什么时候?
陈熙是什么时候知道这个的?
但我明明不是为了踢走他,是为了保护他,如果远离我可以避免他再次倒进血泊中,那我愿意把他送到安全的地方,我会每天去看他,即使他不记得我是谁。
但现在来不及想这些,我从未如此慌乱,连身体都在抖:“不是的,陈熙,我没有想要丢下你,我是怕……”
“我知道。”他打断我,“宋延年,我是说,把我送过去后,就不要来见我了,去过你该有的生活,如果哪天我又走丢了,就不要找我了,在路上看到我也要记得绕开我。”

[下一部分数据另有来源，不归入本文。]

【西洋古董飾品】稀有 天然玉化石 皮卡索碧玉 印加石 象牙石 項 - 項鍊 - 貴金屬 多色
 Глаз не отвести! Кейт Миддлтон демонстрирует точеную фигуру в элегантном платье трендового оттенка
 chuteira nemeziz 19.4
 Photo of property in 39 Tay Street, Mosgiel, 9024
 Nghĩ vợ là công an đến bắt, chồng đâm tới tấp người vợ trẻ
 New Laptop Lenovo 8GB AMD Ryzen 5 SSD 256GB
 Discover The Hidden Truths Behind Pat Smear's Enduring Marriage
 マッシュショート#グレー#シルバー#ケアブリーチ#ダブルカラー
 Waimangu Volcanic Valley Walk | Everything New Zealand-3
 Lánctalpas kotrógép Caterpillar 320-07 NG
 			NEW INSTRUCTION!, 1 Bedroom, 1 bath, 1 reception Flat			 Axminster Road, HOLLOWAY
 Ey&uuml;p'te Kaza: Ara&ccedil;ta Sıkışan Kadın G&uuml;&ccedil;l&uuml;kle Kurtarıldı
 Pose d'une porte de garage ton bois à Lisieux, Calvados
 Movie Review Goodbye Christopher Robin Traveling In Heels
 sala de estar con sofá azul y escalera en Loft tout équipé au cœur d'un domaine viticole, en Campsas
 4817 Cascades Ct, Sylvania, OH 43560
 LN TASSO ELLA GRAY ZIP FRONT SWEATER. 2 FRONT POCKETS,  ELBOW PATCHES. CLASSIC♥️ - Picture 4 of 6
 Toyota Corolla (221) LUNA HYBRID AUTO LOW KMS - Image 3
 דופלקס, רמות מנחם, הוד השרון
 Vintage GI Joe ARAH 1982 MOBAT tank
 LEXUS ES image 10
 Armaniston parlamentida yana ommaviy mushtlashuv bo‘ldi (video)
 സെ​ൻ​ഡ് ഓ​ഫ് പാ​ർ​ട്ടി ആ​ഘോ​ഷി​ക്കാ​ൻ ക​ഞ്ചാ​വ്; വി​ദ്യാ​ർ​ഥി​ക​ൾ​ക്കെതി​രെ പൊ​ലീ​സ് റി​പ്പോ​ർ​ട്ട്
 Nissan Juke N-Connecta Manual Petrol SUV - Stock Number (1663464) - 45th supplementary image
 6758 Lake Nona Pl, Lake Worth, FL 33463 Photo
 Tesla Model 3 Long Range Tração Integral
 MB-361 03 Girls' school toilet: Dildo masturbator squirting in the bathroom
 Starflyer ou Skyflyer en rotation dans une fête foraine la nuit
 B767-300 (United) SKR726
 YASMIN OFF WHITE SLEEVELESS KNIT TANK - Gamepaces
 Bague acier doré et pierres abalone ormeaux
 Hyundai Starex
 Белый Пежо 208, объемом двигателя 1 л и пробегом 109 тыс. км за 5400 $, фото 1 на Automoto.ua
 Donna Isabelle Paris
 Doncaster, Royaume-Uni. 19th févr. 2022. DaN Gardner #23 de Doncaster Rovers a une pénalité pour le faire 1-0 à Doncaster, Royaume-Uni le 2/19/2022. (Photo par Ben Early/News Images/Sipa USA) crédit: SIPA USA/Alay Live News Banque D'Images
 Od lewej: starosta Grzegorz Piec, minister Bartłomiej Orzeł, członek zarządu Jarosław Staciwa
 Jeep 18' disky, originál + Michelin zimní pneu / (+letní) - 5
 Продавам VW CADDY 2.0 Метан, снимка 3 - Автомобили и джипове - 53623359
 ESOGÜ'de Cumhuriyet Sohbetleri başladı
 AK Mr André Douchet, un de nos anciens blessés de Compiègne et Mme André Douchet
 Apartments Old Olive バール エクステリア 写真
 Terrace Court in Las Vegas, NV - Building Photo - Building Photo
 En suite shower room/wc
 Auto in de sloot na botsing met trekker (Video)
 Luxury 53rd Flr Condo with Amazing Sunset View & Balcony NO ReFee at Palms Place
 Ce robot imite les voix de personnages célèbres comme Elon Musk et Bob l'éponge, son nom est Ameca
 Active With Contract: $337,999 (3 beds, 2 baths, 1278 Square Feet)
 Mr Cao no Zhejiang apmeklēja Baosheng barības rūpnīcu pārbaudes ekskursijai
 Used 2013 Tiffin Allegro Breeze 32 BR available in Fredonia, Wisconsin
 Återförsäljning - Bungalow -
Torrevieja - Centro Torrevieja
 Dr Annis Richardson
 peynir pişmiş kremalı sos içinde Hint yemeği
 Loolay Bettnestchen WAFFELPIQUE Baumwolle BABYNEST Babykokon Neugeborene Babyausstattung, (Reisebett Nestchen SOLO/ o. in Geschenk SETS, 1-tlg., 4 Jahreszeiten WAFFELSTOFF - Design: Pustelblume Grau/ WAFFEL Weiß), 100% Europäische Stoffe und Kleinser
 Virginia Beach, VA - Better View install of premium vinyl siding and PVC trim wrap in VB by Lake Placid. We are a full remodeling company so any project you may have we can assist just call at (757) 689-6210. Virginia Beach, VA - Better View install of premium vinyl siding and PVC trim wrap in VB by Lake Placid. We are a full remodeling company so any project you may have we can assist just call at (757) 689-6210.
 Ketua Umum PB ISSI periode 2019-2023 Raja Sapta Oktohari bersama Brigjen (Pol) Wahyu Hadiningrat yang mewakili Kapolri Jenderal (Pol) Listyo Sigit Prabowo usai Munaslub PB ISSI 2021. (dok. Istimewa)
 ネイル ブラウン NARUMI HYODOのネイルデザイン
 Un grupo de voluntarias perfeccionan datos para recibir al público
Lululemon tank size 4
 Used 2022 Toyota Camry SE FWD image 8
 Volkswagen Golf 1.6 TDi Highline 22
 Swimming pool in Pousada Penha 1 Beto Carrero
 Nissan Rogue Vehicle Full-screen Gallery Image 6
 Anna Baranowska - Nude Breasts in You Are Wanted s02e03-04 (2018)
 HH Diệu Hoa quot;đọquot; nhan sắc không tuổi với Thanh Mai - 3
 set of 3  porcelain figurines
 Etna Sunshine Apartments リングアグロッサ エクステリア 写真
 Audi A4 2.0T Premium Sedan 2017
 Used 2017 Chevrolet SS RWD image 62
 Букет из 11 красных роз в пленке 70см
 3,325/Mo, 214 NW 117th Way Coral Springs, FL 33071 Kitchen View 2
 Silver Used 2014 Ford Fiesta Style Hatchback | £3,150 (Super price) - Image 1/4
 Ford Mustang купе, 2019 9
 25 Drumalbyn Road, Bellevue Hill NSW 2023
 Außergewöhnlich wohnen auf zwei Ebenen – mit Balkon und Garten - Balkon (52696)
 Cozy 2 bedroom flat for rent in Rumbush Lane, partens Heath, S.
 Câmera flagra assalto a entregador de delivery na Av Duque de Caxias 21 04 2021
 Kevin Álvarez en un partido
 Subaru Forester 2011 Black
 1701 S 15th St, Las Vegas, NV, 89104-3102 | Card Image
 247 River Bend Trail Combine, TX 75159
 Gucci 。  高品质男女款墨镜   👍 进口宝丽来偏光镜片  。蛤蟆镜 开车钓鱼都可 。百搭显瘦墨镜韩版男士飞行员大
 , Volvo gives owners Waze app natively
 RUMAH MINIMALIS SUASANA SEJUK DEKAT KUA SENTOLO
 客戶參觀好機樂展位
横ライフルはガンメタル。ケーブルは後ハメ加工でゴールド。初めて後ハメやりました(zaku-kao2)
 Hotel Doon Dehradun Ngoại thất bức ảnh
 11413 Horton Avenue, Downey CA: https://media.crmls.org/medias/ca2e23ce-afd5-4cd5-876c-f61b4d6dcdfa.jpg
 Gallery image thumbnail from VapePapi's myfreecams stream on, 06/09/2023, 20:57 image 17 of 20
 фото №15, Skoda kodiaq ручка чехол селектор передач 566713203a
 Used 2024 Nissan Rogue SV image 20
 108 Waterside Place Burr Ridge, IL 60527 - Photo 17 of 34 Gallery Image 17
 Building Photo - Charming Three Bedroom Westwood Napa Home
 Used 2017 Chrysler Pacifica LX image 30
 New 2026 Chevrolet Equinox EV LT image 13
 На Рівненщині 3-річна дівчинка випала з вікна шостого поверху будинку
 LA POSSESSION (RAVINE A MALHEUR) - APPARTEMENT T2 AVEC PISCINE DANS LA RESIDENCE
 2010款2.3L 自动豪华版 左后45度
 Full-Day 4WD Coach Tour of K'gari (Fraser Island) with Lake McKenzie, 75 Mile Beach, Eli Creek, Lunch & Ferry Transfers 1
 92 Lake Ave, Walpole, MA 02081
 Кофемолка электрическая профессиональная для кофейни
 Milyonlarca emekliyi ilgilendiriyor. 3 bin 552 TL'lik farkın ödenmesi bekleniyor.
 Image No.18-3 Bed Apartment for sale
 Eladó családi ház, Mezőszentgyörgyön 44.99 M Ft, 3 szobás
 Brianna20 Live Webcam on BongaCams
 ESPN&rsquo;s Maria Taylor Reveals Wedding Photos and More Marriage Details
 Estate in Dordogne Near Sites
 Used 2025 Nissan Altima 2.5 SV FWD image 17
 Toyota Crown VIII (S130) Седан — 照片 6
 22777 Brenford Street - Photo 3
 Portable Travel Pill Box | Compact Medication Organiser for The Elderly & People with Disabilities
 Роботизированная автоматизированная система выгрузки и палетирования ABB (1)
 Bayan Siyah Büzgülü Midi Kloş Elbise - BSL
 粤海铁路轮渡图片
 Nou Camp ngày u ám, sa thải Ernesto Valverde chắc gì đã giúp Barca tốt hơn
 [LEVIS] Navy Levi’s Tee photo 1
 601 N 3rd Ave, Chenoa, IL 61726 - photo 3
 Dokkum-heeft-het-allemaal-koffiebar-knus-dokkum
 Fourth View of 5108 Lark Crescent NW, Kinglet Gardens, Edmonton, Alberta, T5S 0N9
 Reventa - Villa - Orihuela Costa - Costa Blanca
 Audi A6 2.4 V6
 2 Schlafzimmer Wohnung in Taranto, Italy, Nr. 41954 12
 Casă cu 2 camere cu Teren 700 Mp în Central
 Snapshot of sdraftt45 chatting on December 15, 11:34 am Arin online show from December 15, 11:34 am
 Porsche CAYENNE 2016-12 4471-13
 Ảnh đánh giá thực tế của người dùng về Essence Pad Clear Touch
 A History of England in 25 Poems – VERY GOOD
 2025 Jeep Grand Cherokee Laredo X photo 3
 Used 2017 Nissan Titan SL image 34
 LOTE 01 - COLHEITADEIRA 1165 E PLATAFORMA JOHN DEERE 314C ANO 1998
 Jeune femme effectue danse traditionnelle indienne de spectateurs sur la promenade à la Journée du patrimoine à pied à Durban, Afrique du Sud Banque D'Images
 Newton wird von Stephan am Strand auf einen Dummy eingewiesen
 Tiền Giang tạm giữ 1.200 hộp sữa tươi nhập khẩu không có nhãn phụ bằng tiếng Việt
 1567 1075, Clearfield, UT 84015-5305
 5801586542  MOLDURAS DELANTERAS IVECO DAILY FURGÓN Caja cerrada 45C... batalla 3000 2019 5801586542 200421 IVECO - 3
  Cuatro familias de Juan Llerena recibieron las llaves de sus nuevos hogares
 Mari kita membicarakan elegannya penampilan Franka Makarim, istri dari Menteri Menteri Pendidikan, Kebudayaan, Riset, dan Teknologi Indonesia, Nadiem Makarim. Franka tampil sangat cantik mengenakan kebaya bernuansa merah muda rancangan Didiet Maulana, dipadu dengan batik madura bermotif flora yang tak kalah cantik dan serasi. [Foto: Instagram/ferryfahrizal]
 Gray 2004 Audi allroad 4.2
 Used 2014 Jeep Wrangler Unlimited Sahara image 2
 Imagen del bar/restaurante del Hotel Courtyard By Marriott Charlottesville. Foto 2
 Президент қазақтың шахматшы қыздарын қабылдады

“不要说了。”我几乎是恳求的语气,全身的防御在他的三言两语下溃不成军。
“有什么事情明天再说,很晚了,先睡觉好不好。”
明天他会忘的,他现在记性越来越不好了。
“宋延年,我拗不过你,明天我忘了怎么办啊。”
我哽住,感觉有刀子在我心上划,恍惚中,我感觉那个将死之人是我。
就这么僵持了几分钟,最终他先打破沉默。
“好啦,不要哭了,先睡觉吧。”
陈熙语气轻轻的,从怀里抽出一只手靠在我背上慢慢拍着,像哄小孩一样。
我把头埋在他的肩头,感受着他强烈又脆弱的心跳。
阿尔兹海默症带来的不仅是记忆力的下降和大脑功能的受损,还有寿命的缩减。
最后是他先睡着的,从确诊那天开始,他的精力一天不如一天。
我这次没再半夜偷偷回到客房睡,我只是抱着他,听着外面的雪簌簌打在窗上的声音。
经过这一晚,我彻底把疗养院的事情给放弃了。